The use of human monoclonal antibodies to inform and enhance influenza vaccine virus selection.

Influenza infections each year cause a major burden of sickness and death (greater than 250,000 deaths each year world wide). The most effective means of reducing illness caused by influenza is by vaccination. The influenza virus evolves by changing its surface proteins each year in response to selective pressure from the human antibody response. The World Health Organisation coordinates a massive effort to monitor the evolution of influenza around the world to try and identify the viruses that are most likely to cause infections in the coming years, and select the best candidates for manufacture into a vaccine. The methods used to do this are both new, by sequencing virus genes to monitor genetic changes, and old, by testing the antibodies that ferrets make to candidate vaccine viruses for cross-reactivity with circulating strains. Ferret antibodies are traditionally used because these animals are susceptible to influenza infections in a way similar to humans. Overall the effectiveness (reduction in risk of becoming ill with influenza) of the vaccines selected by these methods is quite poor at ~54%, so there is room for improvement. Recent technical developments have provided a new method to analyse the evolution of influenza that uses human monoclonal antibodies. It is these human antibodies that are thought to be driving the evolution of influenza in nature. We have shown that human antibodies isolated from vaccinated or infected individuals can detect changes in the virus that the ferret antibodies miss. In addition the changes that human antibodies detect frequently correlate with the changes that are appearing in the influenza viruses currently circulating in the human population. We propose to develop panels of human monoclonal antibodies that can help predict the future evolution of the virus, which will be distributed to the WHO Collaborating Centres around the world, for comparison to the standard ferret antibodies to see if this new technology can improve vaccine selection.

The World Health Organisation coordinates a massive effort to monitor the evolution of influenza around the world to try and identify the viruses that are most likely to cause infections in the coming years, and select the best candidates for manufacture into a vaccine. The methods used to do this predominantly involve sequencing virus genes to monitor genetic drift, and testing primary ferret sera to monitor antigenic drift. Overall the effectiveness of the vaccines selected by these methods is quite poor at ~54%, so there is room for improvement. Recently it has become possible to isolate human monoclonal antibodies in large numbers from infected or vaccinated individuals. It is human antibodies that are thought to be driving the evolution of influenza in nature. We have found that some individuals focus their antibody response onto limited regions of the haemagglutinin surface to such an extent that a single amino acid substitution can greatly reduce the neutralizing power of a serum. Focusing of the antibody to influenza in humans is a logical outcome of the selection of memory B cells by repeated exposures to evolving viruses that share less and less surface identity as time passes. Multiple monoclonal antibodies isolated from such individuals select for substitutions at few sites and these correlate with the changes that have become dominant recently in circulating viruses. In effect viral evolution can be recapitulated in vitro by these methods. An example is the K163Q substitution in clade 6B pdmH1N1 viruses. We have also shown that in this example ferret antisera failed to detect the change. We plan to develop panels of human monoclonal antibodies that can help predict the future evolution of the virus, which will be distributed to the WHO Collaborating Centres around the world, for comparison to the standard ferret antisera to see if this new technology can improve vaccine selection.

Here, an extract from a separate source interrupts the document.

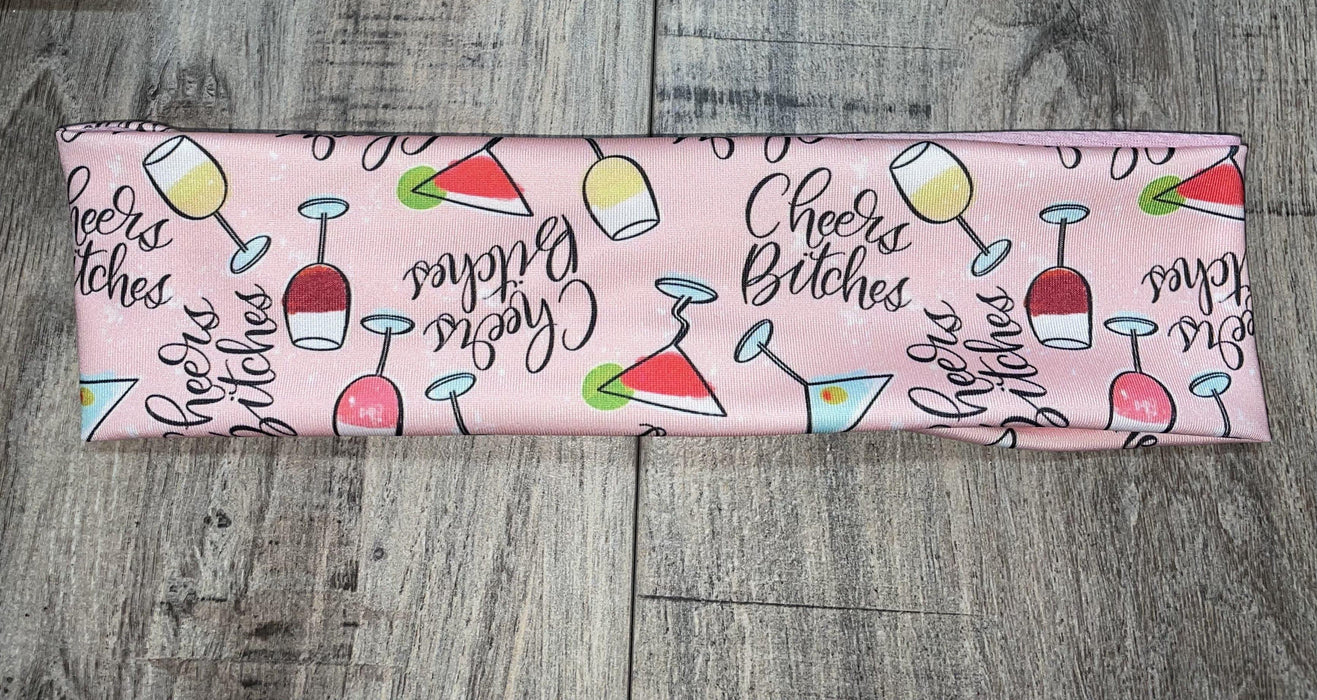 Pink workout headband with Cheers Bitches text and colorful cocktail glass illustrations on wood floor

The proposal is for the development of new tools for vaccinology and is based on the submission that through the use of human monoclonal antibodies a better understanding of the antigenic properties of influenza viruses can come about and from this improvements to the selection of influenza viruses for vaccines can be achieved. Improvements to influenza vaccine virus selection has been a priority for WHO over the last five or more years, with WHO running international meetings focussed on informal consultations on improving influenza vaccine virus selection, the fourth of which was held in Hong Kong in November 2015.

Should the use of human monoclonal antibodies prove to benefit the process then the impact will be self-evident and benefits will be seen in manufacturing - the production of better influenza vaccines - and in public health - mitigation of the threat of influenza.

The timescale for showing improvement in the decisions on the viruses for inclusion in influenza vaccines can be very rapid indeed - certainly within the life-span of this proposal. However, as with many research projects, mechanisms for the long-term sustainability of the principles of the research findings from the will need to be developed in due course.